On another personal note, I am glad that many of you Coca-Cola shareholders that I’ve encountered are thoughtful about ways in which your wealth can be used to help those who, in the words of Warren Buffett, did not win the ovarian lottery and instead find themselves born into situations that are reminiscent of Hosea, Chapter 4: “My people are destroyed by a lack of knowledge.”
It’s wise to think of investing as a two-stage process. The first focus is on reaching financial independence, and taking more-than-reasonable precautions to make sure that condition can last the rest of your life. This is not a manifestation of greed, but rather, the desire to live your life as you see fit and doing things that you want to do rather than have to do. Once that mission is accomplished, you begin to turn your eye outward as you recognize that you can be a tremendous force for good or bad depending on which impulse you choose to follow. In a very real way, a few of you reading this are Coca-Cola princes and princesses as you sit on tens of thousands or even hundreds of thousands of shares in the company’s stock, and every three months, you receive a check in the six figures that can have a profound influence on your community.
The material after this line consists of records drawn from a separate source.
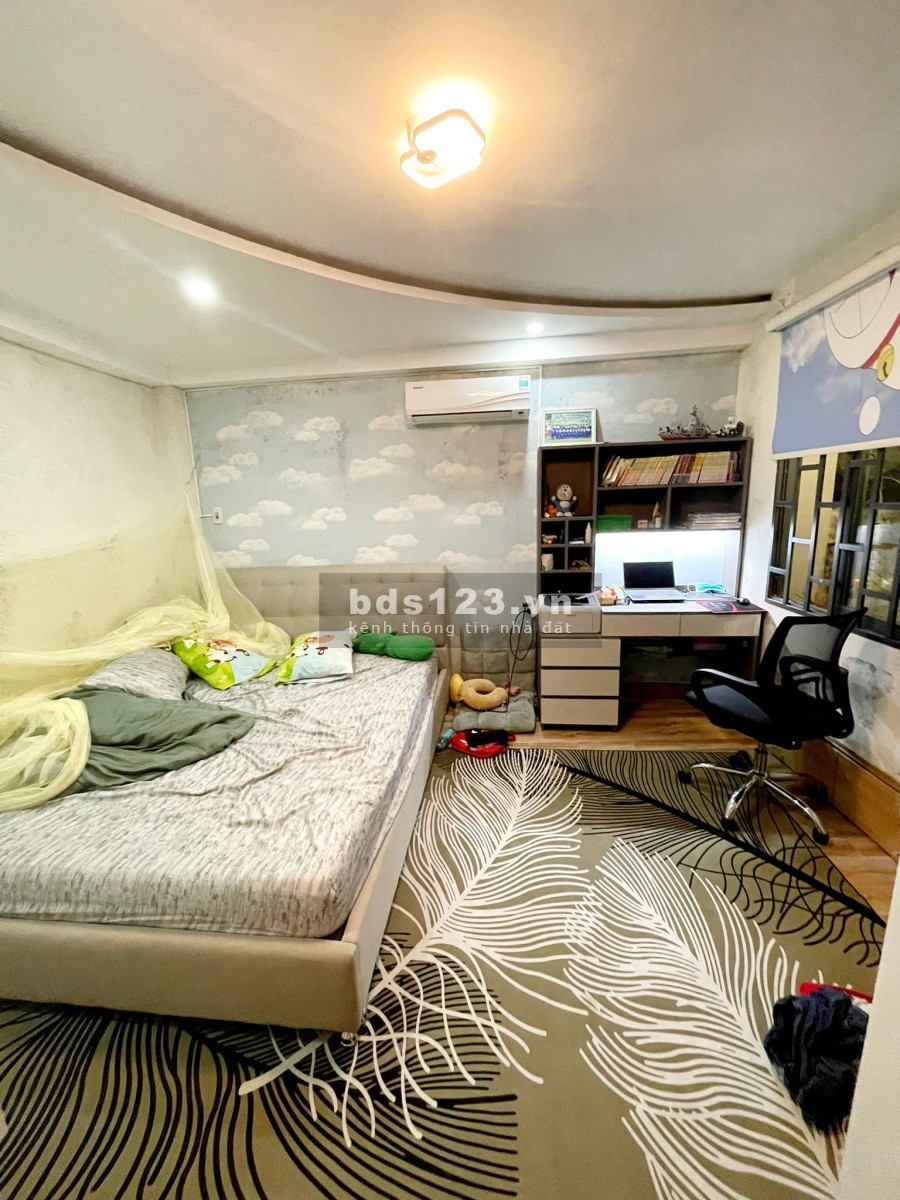 Nhà bán dt 52m2, 3 tầng, 3 phòng ngủ, đường Huỳnh Ngọc Huệ, Thanh Khê, Đà Nẵng giá chỉ 2t9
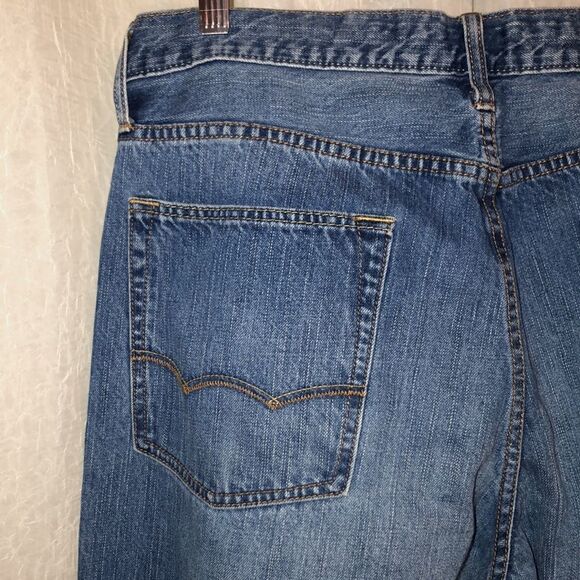 AEO 34x32 Bootcut Jeans in Gently Worn Condition - Picture 9 of 14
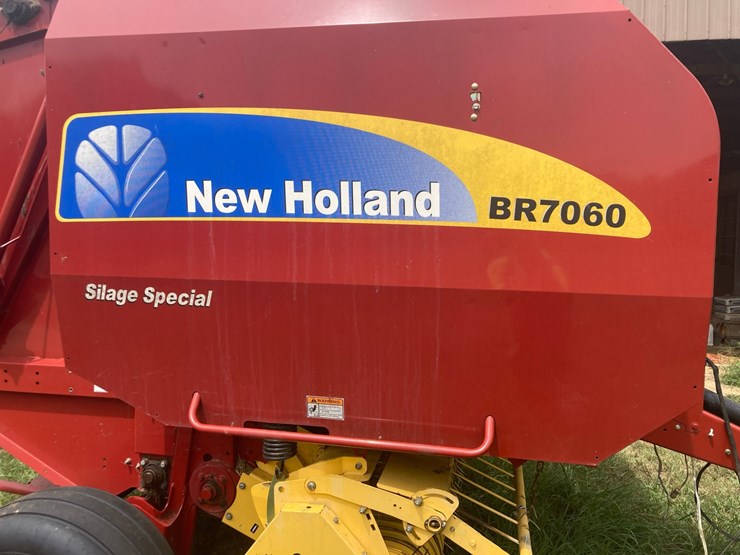 new-holland-br7060-image-2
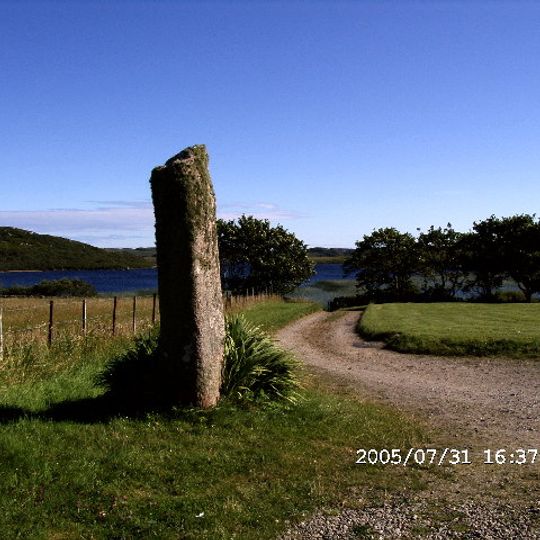 Menhir von Achaban House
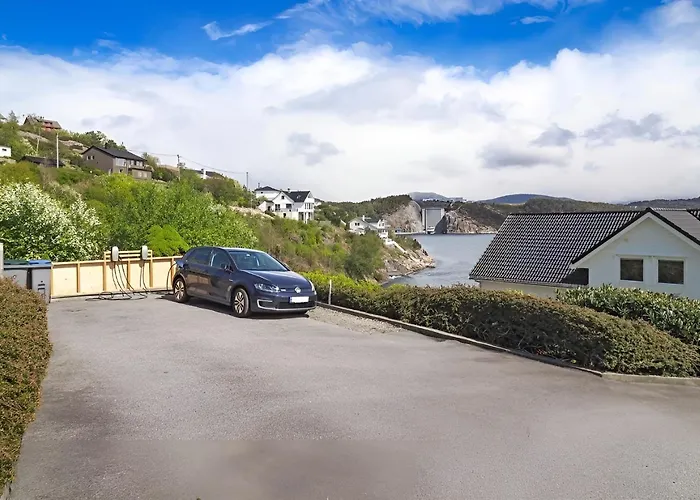 Beachfront With Jacuzzi, Cinema & Canoe Villa Bergen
It’s not my place to tell you which way to allocate it, as I don’t know your value system and preferences. It’s your life, and you get to spend it gradually writing your own obituary as you see fit.
For those of you reading this who own Coca-Cola and find yourself with 70%, 80%, or 90% of your money tied up into the legendary beverage maker’s stock, I understand your concern about diversifying—buying almost anything else reeks of diworsification rather than diversification. However, almost no companies does not mean the same thing as saying there are no other companies out there that could be good candidates for consideration. Why not adopt the practice of putting dividends elsewhere, looking perhaps to Colgate-Palmolive, Nestle, ExxonMobil, Johnson & Johnson? Those are ways to diversify without sacrificing earnings quality or future growth prospects.
Now, for my non-Atlanta readers, who may or may not own Coca-Cola stock: The usual disclaimers apply. It’s an important to find an investment style that fits your own temperament. Heck, I know some of you could never bring themselves to own the same company stock for three years straight. That’s perfectly okay. As the writer Steven Pressfield said, “Our job in this life is not to shape ourselves into some ideal we imagine we ought to be, but to find out who we already are and become it.” (Hat tip to Stiles Mikell Harper III for alerting me to this quote). If long-term investing in the same stock isn’t for you, there are tons of other finance sources you can read. As for me, the appeal rests in making decisions that have long measuring lifes; finding anti-fragile businesses with high permanent returns on capital, establishing an ownership position, and then enjoying the growing cash payments that arrive four times per year thereafter. Those are the potential rewards when you approach the investment altar without a sale price in mind.